For instance, at the Insite clinic in Vancouver, a supervised injection site, more than 6,400 life-threatening overdoses have been reversed. These overdoses mostly occur because users are restricted to unregulated street drugs, but unlike many of their friends, they survive — typically with an instantly available hit of Narcan or oxygen. Far fewer overdoses need to be reversed at the safe supply clinics in Canada, the U.K., Switzerland, Germany and the Netherlands, where clients are provided medical-grade heroin under the same supervision as with Insite. If preventing unnecessary deaths could be described as routine, these clinics would be prime examples.
The contrast between the devastation caused by the status quo and the availability of such lifesaving reforms should motivate today’s sympathetic audience to eagerly confront the “What do we do now?” question.
There are two specific reforms that should find widespread support: 1) An end to the penal-like approach that requires cumbersome clinic visits for methadone and puts endless, prohibition-inspired roadblocks in the way of all forms of medically assisted treatment — which is a proven path to recovery with a multi-decades international track record; and 2) safe consumption spaces where people can use street-provided illicit drugs or clinic-provided medical-grade heroin under supportive supervision, another proven path to recovery with a multi-decade international track record.

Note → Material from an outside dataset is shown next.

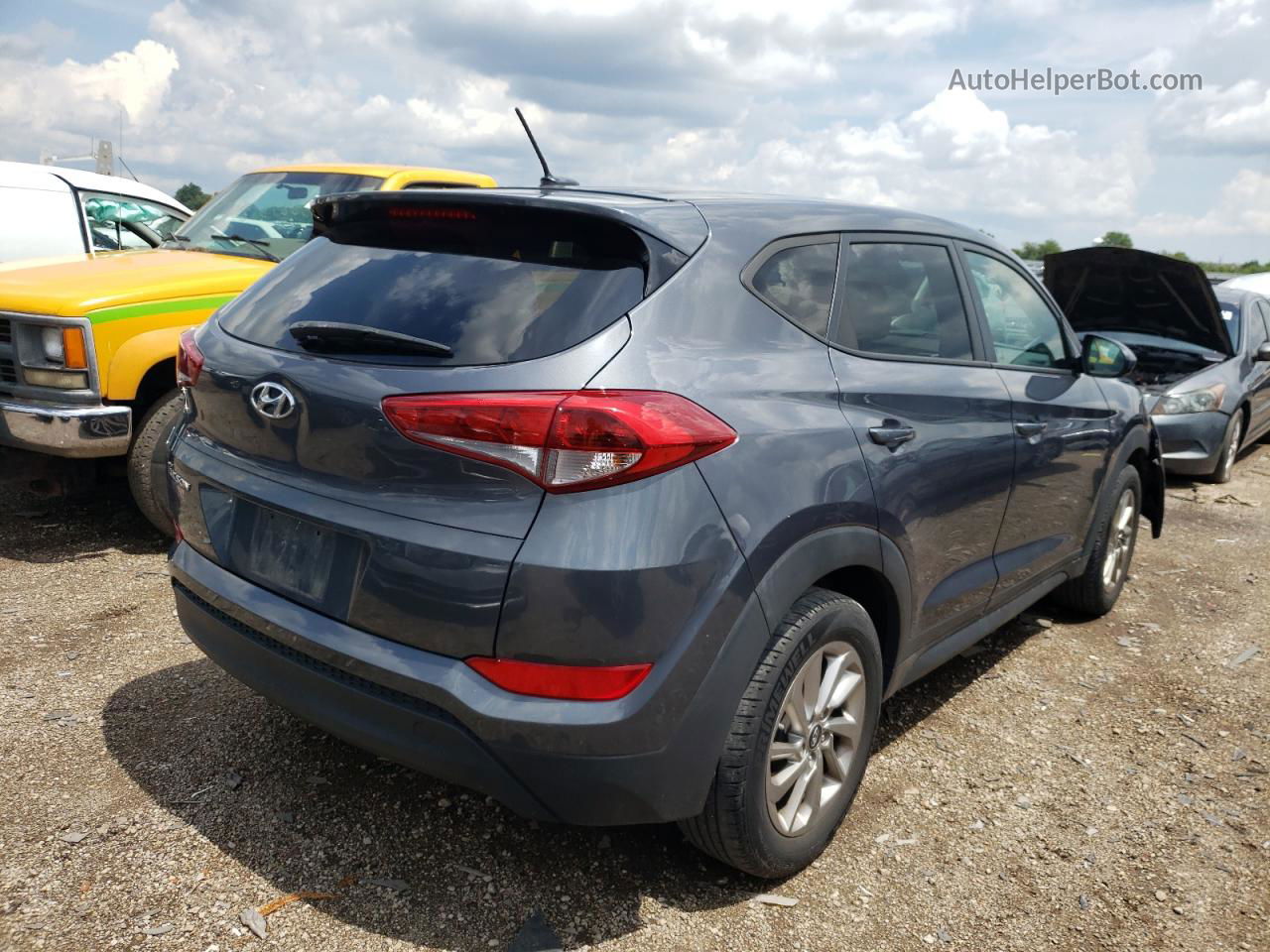 2017 Hyundai Tucson Se Серый vin: KM8J23A40HU506350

These reforms boil down to safe supply and safe space. They provide a life-affirming glimpse of a post-prohibitionist world in which drug users are treated with routine decency and common sense. And as these programs become part of the woodwork, public frenzy will diminish along with stigma: People with difficult addictions will be recognized as humans with troubles in need of support. These programs will help create a society with less death, disease, law-breaking and addiction. They provide a glimpse of drug policy that works.
Moving Forward
There are many paths to addiction; a burden unfairly distributed across class and race lines but experienced individually. Those in its thrall have forever been treated as the lowest of the low, with racist and ethnic slurs piled on top of character assassination.
The medical model is a welcome wedge against the worst of such false notions. This model removes drug users’ demonization by referring to addiction as a non-punishable disease of the brain. Yet, the medical model still leaves little room for nuance. People addicted to cigarettes, for example, repeat their self-destructive behavior despite full knowledge of its effects. We do not thereby call them “mentally ill.” And some folks who use drugs, even heroin and cocaine, are not addicted or even deeply troubled by it. Blanket use of the medical model borders on an enlightened form of stigma: “They are evil” has now become “They are sick.”
Nevertheless, these targeted reforms remind us that those with addictions are simply just those with burdens — some or none of their own making.
And so now, with proven, lifesaving tools at our disposal, we can ask two questions: How can we help? And what’s stopping us? As rural death rates start to drop and urban rate rise, we must strike while the iron is hot — before the mainstream’s newfound sympathy cools.